Consumers always use assign() to signal the Kafka cluster what records it wants to consume, which is on a per-partition basis. Getting records is accomplished using poll(), an asynchronous function which requires a callback to process the returned records.
Regarding partition offsets, which of the following is true?
Last committed and current position offsets are established. By default, Kafka consumers must signal when a record is committed.
Last committed and current position offsets are established. By default, Kafka commits a record 5 seconds after it has been sent to a consumer, and the amount of time Kafka waits before it commits is configurable, but consumers cannot enact a commit.
Last committed and current position offsets are established. By default, Kafka auto-commits a record 5 seconds after it has been sent to a consumer, but auto commit may be disable so consumers must signal when a record is committed.
Only the current position offset is established.
How do Kafka consumer groups work?
All consumers in a group have the same group.id set, and are managed by the GroupCoordinator, a broker node nominated for the purpose. Consumer group members each handle whole partitions, and it is possible to have too many partitions and so some members are overworked, or too few and have consumers which do no work.

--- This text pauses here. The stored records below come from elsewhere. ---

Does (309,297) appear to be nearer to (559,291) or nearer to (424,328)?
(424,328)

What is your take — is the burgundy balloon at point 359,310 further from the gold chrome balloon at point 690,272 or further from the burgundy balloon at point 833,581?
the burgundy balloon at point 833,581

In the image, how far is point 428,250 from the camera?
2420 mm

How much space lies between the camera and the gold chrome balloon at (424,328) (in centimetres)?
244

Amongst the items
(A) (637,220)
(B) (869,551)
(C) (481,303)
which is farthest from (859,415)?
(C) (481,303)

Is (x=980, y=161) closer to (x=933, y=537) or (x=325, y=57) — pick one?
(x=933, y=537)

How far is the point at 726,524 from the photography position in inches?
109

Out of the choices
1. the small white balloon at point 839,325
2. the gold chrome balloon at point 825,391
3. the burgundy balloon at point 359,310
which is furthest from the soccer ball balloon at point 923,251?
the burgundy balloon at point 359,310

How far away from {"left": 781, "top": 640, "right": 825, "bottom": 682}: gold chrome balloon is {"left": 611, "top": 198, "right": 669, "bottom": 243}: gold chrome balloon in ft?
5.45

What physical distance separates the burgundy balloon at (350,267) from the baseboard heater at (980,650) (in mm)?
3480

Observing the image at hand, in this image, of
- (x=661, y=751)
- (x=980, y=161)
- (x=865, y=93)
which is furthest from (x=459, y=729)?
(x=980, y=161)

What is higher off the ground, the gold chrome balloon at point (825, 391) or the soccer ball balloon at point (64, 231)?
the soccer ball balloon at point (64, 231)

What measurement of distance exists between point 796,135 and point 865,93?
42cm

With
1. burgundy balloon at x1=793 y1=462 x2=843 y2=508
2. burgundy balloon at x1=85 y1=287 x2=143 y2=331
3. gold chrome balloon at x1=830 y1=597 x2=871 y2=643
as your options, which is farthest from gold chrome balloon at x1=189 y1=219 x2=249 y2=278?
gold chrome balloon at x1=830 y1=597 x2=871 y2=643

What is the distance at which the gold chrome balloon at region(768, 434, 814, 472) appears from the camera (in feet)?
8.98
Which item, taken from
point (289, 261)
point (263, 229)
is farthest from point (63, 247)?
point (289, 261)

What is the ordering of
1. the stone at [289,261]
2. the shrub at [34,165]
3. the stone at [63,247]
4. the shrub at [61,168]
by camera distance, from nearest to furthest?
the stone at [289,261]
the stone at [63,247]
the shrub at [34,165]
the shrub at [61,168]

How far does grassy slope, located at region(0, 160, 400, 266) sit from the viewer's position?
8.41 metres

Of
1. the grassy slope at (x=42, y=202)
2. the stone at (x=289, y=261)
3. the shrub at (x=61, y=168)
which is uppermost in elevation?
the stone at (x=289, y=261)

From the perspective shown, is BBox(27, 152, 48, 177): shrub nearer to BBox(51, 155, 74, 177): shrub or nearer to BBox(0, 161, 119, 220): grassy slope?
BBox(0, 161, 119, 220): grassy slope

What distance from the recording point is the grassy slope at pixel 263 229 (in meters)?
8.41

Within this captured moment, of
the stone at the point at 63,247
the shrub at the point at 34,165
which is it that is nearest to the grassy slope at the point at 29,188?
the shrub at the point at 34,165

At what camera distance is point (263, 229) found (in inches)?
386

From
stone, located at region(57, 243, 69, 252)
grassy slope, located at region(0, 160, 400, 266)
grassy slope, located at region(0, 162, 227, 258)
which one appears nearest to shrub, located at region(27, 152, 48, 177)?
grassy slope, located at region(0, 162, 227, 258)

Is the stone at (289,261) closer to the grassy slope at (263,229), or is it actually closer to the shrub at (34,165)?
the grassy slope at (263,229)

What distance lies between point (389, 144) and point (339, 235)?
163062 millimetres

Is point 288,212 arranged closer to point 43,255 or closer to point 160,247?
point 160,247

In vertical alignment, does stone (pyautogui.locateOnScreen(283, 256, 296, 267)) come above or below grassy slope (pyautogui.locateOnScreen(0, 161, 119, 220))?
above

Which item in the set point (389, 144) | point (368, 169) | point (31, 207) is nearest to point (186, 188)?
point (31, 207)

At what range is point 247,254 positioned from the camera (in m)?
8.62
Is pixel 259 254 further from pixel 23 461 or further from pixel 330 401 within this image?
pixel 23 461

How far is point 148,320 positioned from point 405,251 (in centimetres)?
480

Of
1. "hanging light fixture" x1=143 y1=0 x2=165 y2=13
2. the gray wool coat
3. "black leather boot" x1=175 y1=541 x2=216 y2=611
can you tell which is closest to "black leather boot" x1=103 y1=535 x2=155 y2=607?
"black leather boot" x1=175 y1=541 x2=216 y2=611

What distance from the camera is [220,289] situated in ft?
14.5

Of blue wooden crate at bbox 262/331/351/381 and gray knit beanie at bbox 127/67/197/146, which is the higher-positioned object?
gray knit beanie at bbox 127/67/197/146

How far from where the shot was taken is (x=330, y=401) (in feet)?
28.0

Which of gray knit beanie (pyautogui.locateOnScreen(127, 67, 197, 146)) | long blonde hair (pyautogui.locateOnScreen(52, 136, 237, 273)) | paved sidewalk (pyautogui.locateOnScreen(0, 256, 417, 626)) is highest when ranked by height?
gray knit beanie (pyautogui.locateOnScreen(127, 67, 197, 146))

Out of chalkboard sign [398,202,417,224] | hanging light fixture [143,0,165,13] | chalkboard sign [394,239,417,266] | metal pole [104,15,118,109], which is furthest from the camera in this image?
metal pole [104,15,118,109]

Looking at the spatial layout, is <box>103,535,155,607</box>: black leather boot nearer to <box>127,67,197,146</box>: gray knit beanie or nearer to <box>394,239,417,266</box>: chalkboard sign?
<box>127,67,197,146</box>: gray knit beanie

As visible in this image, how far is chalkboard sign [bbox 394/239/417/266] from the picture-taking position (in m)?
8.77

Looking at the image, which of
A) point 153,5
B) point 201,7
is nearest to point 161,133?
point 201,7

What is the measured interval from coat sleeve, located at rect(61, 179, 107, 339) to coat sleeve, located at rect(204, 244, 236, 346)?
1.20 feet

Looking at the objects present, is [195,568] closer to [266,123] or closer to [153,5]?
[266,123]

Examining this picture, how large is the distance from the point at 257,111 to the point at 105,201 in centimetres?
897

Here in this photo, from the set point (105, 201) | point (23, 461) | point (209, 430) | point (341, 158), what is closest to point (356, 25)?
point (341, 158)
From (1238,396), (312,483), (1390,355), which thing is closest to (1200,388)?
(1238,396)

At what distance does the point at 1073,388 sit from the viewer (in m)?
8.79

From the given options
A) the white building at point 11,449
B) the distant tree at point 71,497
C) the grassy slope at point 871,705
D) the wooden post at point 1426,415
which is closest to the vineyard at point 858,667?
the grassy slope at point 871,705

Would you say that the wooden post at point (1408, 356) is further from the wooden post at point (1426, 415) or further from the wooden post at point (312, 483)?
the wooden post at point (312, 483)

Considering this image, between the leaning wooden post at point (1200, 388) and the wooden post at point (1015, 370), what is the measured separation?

All consumers in a group have the same group.id set, and are managed by the GroupCoordinator, a broker node nominated for the purpose. Consumer group members handle partitions in a round robin fashion, as directed by the GroupCoordinator, so that each member will have at least some work.
All consumers in a group have the same group.id set, and when they call poll(), the Kafka cluster sends them records which may be from multiple partitions in a coordinated fashion.
Consumer groups require no configuration except that they subscribe() or assign() to the same topics/partitions; the Kafka cluster handles the rest. When a consumer in the group calls poll(), the Kafka cluster sends them records which may be from multiple partitions in a coordinated fashion.
When might a group coordinator rebalance a consumer group?
Only when a consumer leaves the group, based on not sending a heartbeat.
Only when a new partition is added to a topic.
When a consumer leaves the group, based on not sending a heartbeat; or when a new partition is added to a topic.
When a consumer outside the consumer group subscribes to a topic.